Darsie Beck’s new book, “Your Essential Nature: A Practical Guide to Greater Creativity and Spiritual Harmony,” is as much about us, the readers, as it is about him. His part is written: discoveries of practical activities that free his sense of creative purpose. Our part is waiting, with space provided among the pages.
This book shows us how to reach out to the artists and teachers around us and inward to the unique potential within each of us. Through its guidance we find ways to remember who we are and where we want to go, to grow in directions that give us joy and fulfillment. It’s a book about making art, but on a deeper level it is a book about the creativity through which each one of us finds a unique path forward to follow our own journey of discovery and self-discovery.

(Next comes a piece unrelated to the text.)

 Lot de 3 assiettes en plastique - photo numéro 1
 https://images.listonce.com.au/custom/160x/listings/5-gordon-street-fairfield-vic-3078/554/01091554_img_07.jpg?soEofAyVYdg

Beck introduces us to the daily practice he has developed for himself, techniques he has used in teaching art classes for many years, including annual Centrum Workshops in Port Townsend. “The Artist’s Way,” by Julia Cameron, inspired him to begin keeping a morning journal and to start his day with quotes and a walk to sketch.
Beyond that, he has found many other teachers, starting with his famously creative family. His mother, Alison Bard, was gifted as a cook, decorator, parent and hostess. His aunts Mary Bard Jensen and Betty MacDonald were gifted authors. His grandmother Sidney Bard painted. From Winston Churchill to Frederick Franck and Wayne Dyer, Beck has assembled a team whose gifts he admires and learns from. Beck suggests ways for us to think about our own teachers and provides space for us to write reflections as we begin to single out the gift each teacher has that we want to emulate.
Part motivational, part inspirational and part a practical workbook, “Your Essential Nature” is beautifully illustrated with Beck’s sketches and studded with quotations from his favorite writers and teachers. This book offers to partner with the reader and usher us into new beginnings as we follow Beck’s roadmap.
It is a helpful, beautiful, joyful book that meets us halfway through the thickets of overwhelm and shows us ways to heal, center and grow. It promises to help us remember and integrate all of the best beginnings we have experienced throughout our lives, so that we can move onward with awareness and a sense of purpose. In a time of social stress, economic decline and international warfare, this book offers wholeness and hope. It has already become part of my mornings, like an old friend.
— Rayna Holtz is a librarian at the Vashon Library.